Some good forests in the Aravali hills around Delhi could soon be opened to real estate sector and others for development. The Haryana government has decided to demarcate these forests, falling within the state boundaries, as non-forest lands on its records. Consequently the forest clearance regulations which currently prevent the lands from being diverted for any other activity would not apply on these lands, making it easier for real estate and other industries to chop the forests to use the lands.
The decision of the state government to do so was conveyed in April 13 by the principle secretary of the state forest department to lower officers.
At the moment under prevailing Supreme Court orders, lands with healthy forests growing are governed by strict regulations of the Forest Conservation Act, 1980, regardless of the official status of the land on government records. Under this law, prior clearance from the central or state government is required for using forest patches for non-forestry purposes.

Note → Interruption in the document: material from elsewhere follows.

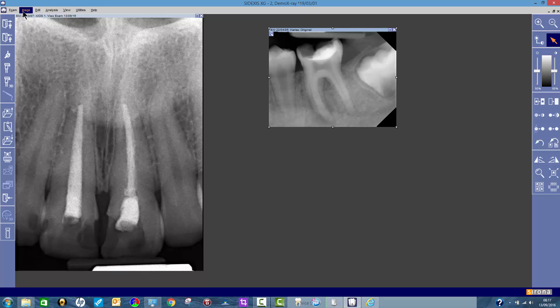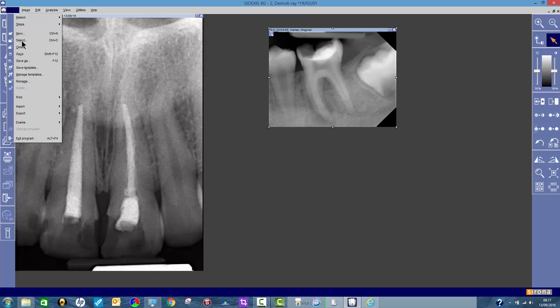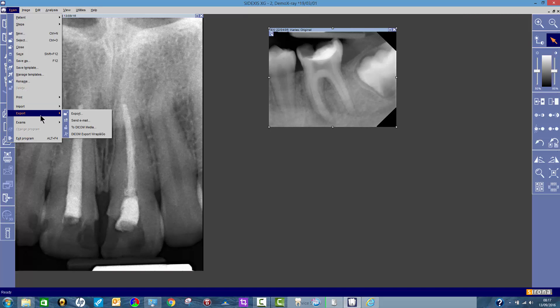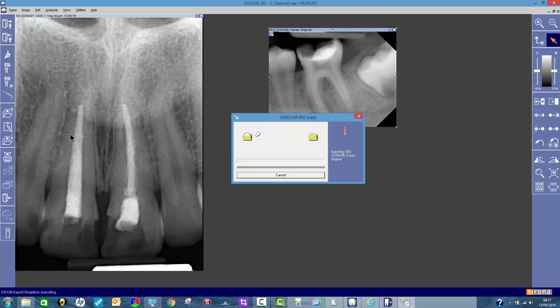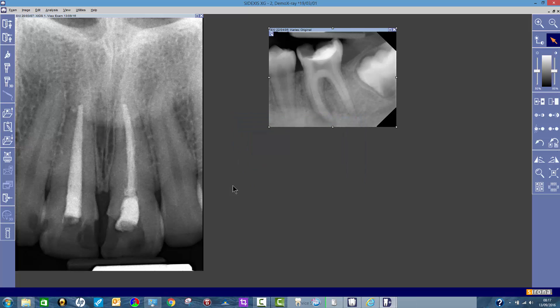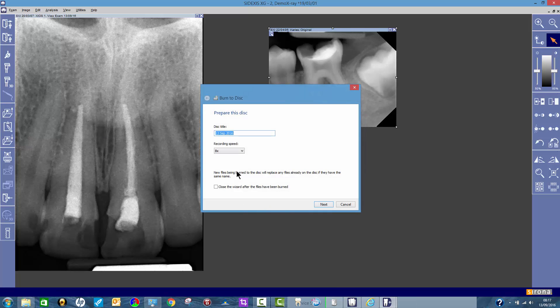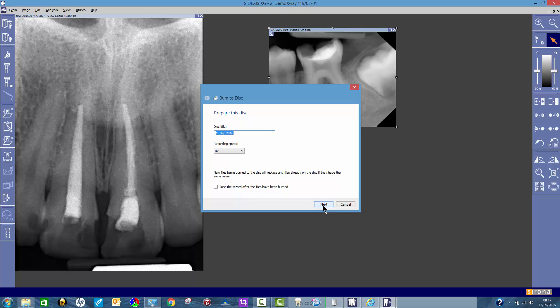Then what I'm going to do is click on exam, export, DICOM export wrap and go. Then it talks me through it. What do I want to call it? I could call it the name of the patient for example. I'll just click on next.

But the Haryana government is now re-demarcating the lands in the Aravalis to distinguish forest areas from non-forest ones. It had earlier decided that until the Supreme Court took a final view on the matter, status quo would be maintained — good forests growing on revenue lands would also be recorded as forestlands, where the Act applies, keeping real estate and other developmental activities out of bounds for the green patches. But taking a U-turn, the government has now decided to classify these patches as non-forest lands in its records, unless the central government advises the Supreme Court otherwise at a later date. Large chunks of forests in the Haryana Aravalis were never put on government records as forestlands and could now formally be recognised as devoid of protection of the green laws.